_Problem to solve_
Take the entries below and print, exactly, the stretch from the line containing "Mesec mode v" through the line containing "Tineri din mai", both included.

_Records for the exercise_
>>>
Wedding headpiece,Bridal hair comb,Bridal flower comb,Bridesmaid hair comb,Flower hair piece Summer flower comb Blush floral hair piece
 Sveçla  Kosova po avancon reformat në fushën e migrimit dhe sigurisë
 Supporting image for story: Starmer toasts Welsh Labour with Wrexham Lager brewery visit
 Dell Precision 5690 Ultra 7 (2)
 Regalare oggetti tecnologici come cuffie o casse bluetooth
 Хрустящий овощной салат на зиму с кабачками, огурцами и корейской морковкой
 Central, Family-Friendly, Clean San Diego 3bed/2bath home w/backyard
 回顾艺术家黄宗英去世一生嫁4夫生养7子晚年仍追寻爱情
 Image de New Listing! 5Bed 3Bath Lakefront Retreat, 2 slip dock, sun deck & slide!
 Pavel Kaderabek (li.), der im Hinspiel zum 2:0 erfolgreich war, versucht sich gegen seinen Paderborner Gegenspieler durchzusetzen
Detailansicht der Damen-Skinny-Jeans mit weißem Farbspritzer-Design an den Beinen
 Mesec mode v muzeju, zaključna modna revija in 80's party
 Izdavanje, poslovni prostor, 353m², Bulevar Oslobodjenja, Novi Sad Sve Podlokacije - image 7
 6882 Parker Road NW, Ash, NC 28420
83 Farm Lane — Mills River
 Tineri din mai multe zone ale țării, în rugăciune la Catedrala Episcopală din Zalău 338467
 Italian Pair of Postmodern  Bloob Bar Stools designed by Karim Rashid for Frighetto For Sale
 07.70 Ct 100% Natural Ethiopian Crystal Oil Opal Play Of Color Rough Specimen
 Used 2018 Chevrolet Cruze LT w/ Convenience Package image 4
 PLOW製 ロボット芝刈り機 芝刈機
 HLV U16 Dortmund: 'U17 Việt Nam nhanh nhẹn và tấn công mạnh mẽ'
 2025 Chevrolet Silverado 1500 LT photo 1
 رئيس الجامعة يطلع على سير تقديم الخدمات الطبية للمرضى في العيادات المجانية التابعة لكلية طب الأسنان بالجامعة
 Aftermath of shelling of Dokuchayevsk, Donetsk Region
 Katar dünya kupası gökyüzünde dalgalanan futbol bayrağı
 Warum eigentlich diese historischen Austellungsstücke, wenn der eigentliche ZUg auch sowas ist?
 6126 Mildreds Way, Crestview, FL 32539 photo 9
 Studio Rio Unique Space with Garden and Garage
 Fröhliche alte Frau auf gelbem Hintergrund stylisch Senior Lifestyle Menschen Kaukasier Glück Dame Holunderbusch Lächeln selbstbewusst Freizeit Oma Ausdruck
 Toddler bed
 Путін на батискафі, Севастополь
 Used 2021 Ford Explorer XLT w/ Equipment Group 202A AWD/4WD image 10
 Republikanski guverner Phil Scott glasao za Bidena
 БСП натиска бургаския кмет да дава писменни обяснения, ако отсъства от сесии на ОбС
<<<
_Task response_
 Mesec mode v muzeju, zaključna modna revija in 80's party
 Izdavanje, poslovni prostor, 353m², Bulevar Oslobodjenja, Novi Sad Sve Podlokacije - image 7
 6882 Parker Road NW, Ash, NC 28420
83 Farm Lane — Mills River
 Tineri din mai multe zone ale țării, în rugăciune la Catedrala Episcopală din Zalău 338467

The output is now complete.